* **PROBLEM STATEMENT**
Your answer must be the lines from the one containing "Frost on the Tracks" through the last line below, copied exactly, with no pictures.

Stored records:
- Opening Delimiter -

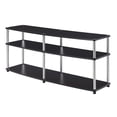 thumbnail image 3 of Pemberly Row 3 Tier 60" TV Stand in Espresso, 3 of 3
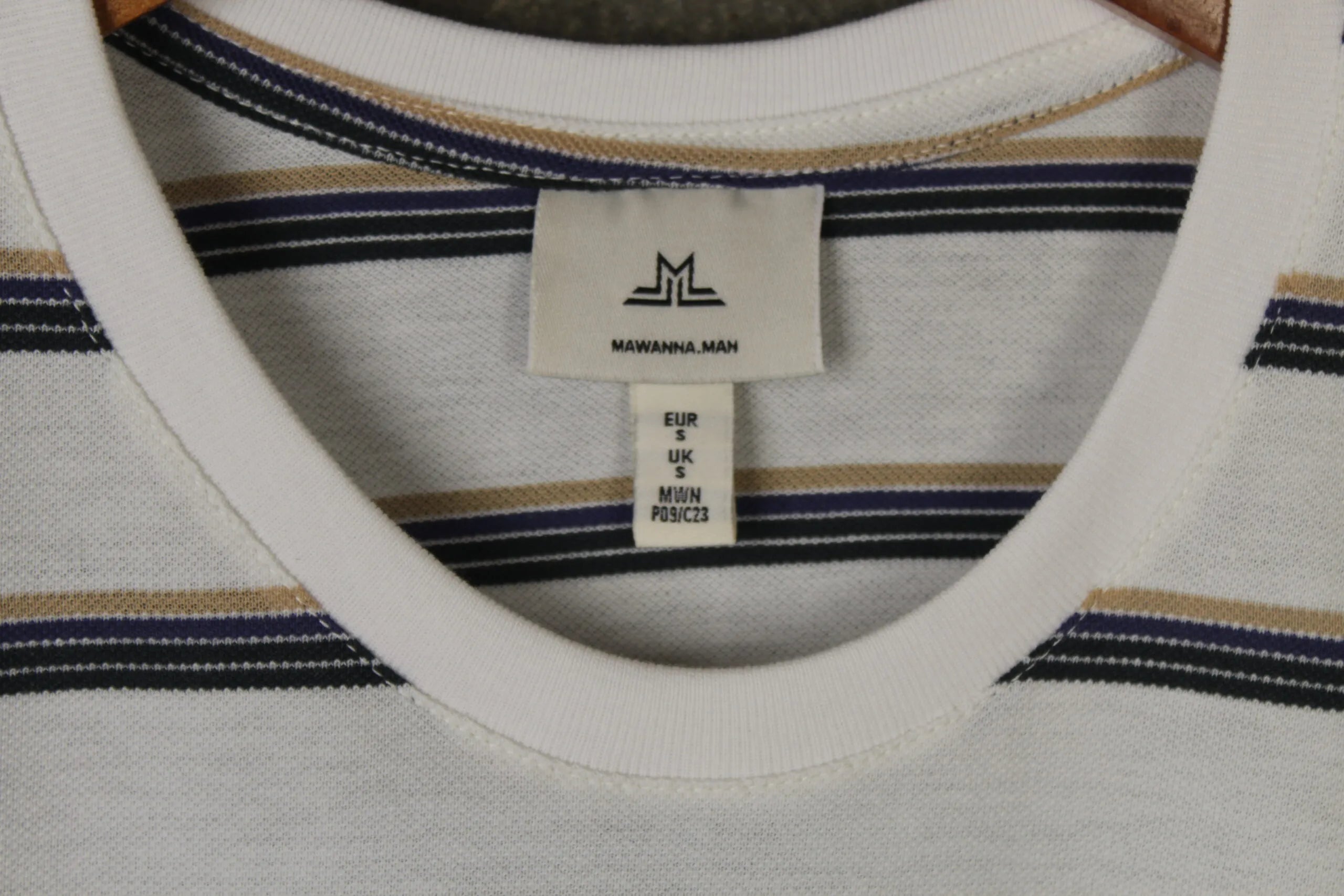 Classic raya – Blanco/Azul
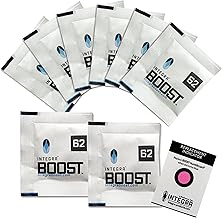 Integra Boost 62% – 8 x 4g Feuchtigkeitsregler I 2-Wege Luftbefeuchter mit Indikator Anzeige – Lu…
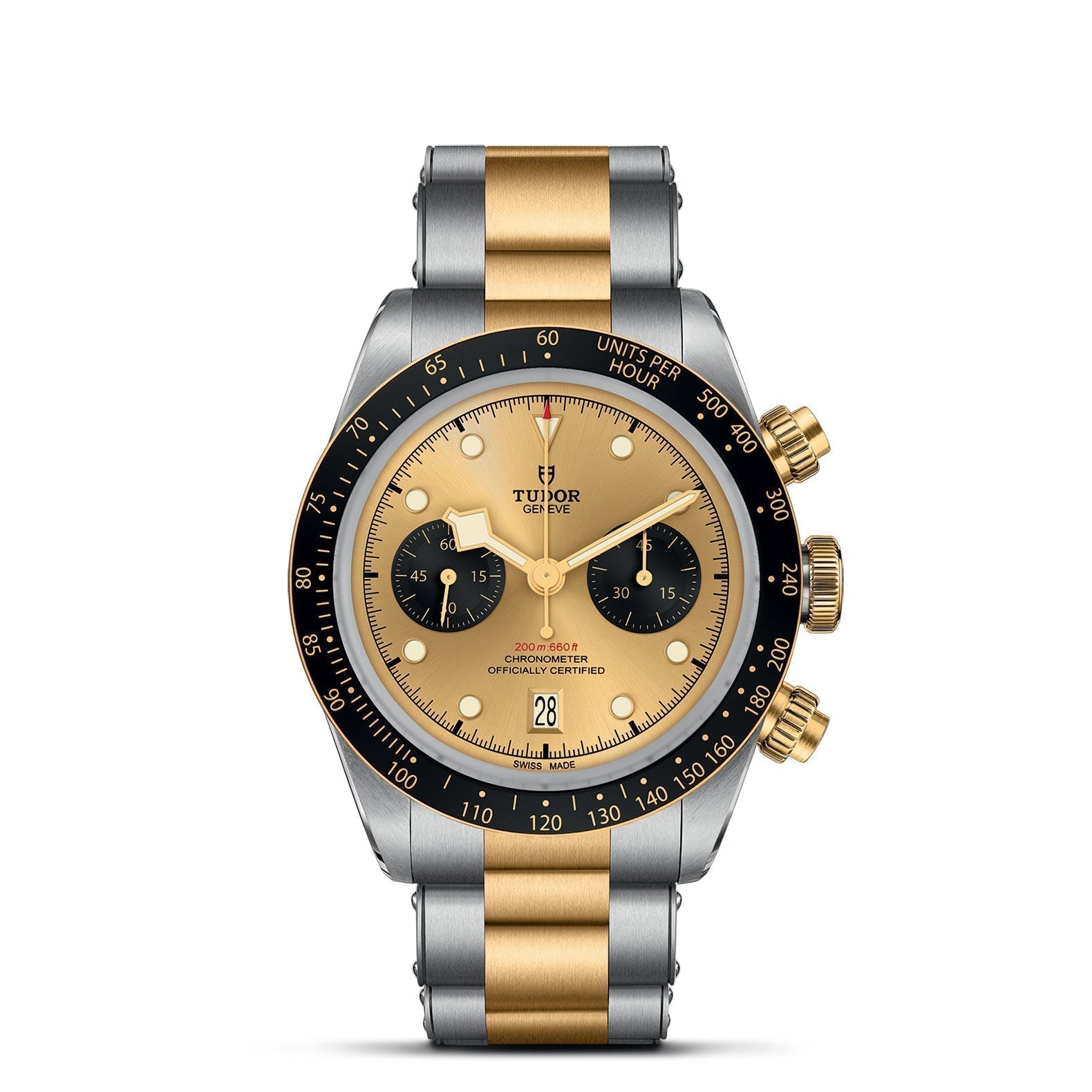 TUDOR Black Bay Chrono SandG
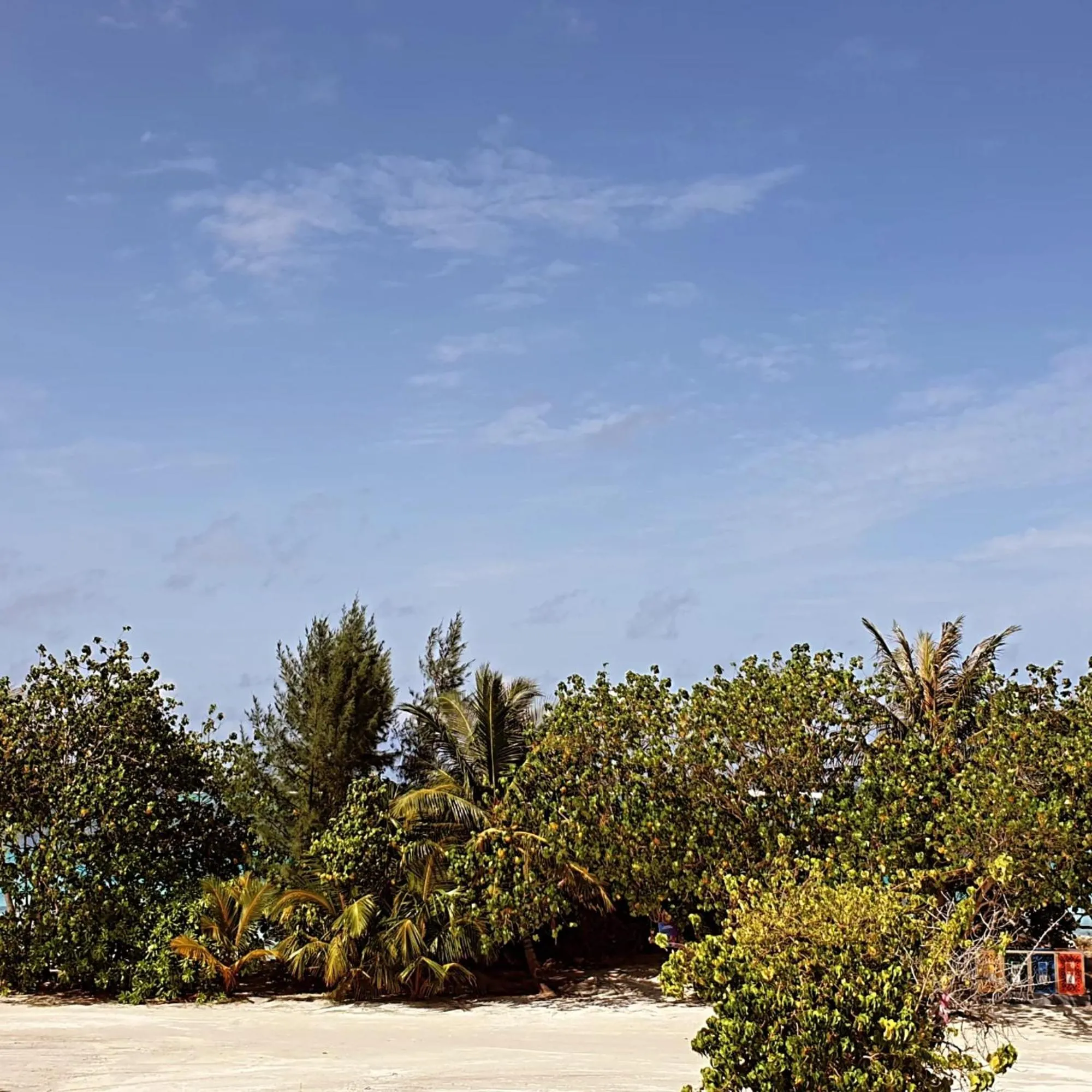 Balcony/Terrace in Dhiffushi Tourist Hotel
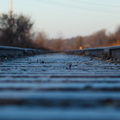 Frost on the Tracks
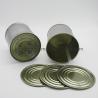 Buy cheap Wholesale Custom Tinplate Cans for Food Drink Cans/Juice/Tea/Energy Drinks from wholesalers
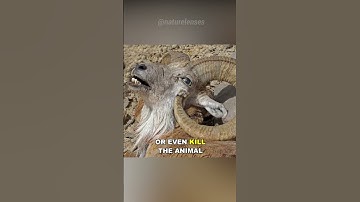 Animals That Can Die From Their Own Horns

- Closing Delimiter -

* **FINISHED TASK**
 Frost on the Tracks
 Buy cheap Wholesale Custom Tinplate Cans for Food Drink Cans/Juice/Tea/Energy Drinks from wholesalers
 Animals That Can Die From Their Own Horns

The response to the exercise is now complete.